Disclosure time: Sarewitz and Allenby are two of my favorite professors, and I generally believe that they're very smart. That said...

The Techno-Human Condition starts by examining transhumanism, the belief that human being can and should improve their bodies using technology, and the common arguments for and against it. Allenby and Sarewitz soon drop the idea, as both sides hold flawed and simplistic views about technology and its ability to solve problems. They advance a theory of Level I, II, and III technologies. Level I technologies imply a simple cause-and-effect relationship: cars allow you to get from Point A to B easily. Level II, technosocial systems, have more complex effects: many cars create traffic and a lack of parking. Level III, Earth systems, are almost unknowable in their implications: cars redesign cities and ways of life, create foreign entanglements in pursuit of gas, and change the composition of the atmosphere with unknown effects.

Coping with Level III technological conditions is the aim of the book. Allenby and Sarewitz propose flexibility and options above all else. Since the effects of technology are prima facia unknowable, we must be ready to change direction at any moment, not to forestall debate, and to always be prepared to reflexively examine our values. This is an ambitious program, and its ambition and ambiguity weakens its real-world relevance--people with simple solutions will always implement their plans faster than those with more complex ideas. But it also might be the only way to survival.

John Scalzi is always fun to read, but this was in many ways not a necessary book. A retelling of "The Last Colony" from the point of view of Zoe, the 16 year daughter of the principles of the last story. On the one hand, Scalzi at least avoids "The Ender's Shadow" trap of completely undermining the other side of the story, on the other hand, there's isn't much there. The last 50 pages are vintage Scalzi, but the rest wanders. And of course Scalzi has trouble finding the voice of a 16 year old girl, but at least he errs on the side of making her too precocious, not too superficial.

Agent to the Stars is a cute book, that's the only way to describe it.
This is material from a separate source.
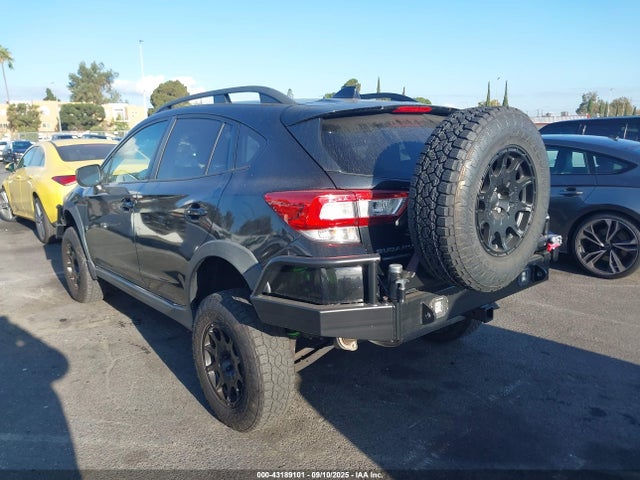 Subaru naturally aspirated 2018 JF2GTABC1J8324839 Image 3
Kind, professional, sarcastic Hollywood agent Tom Stein gets the ultimate job, introducing a race of blob-like aliens to the world, while at the same time dealing with every egomaniac, diva, and paparazzi in LA. The characterization is more charicaturization, but the plot pops and sizzles, and Scalzi is at his best taking wacky ideas and throwing them at the wall. And hey, it's a free ebook, so what do you have to lose?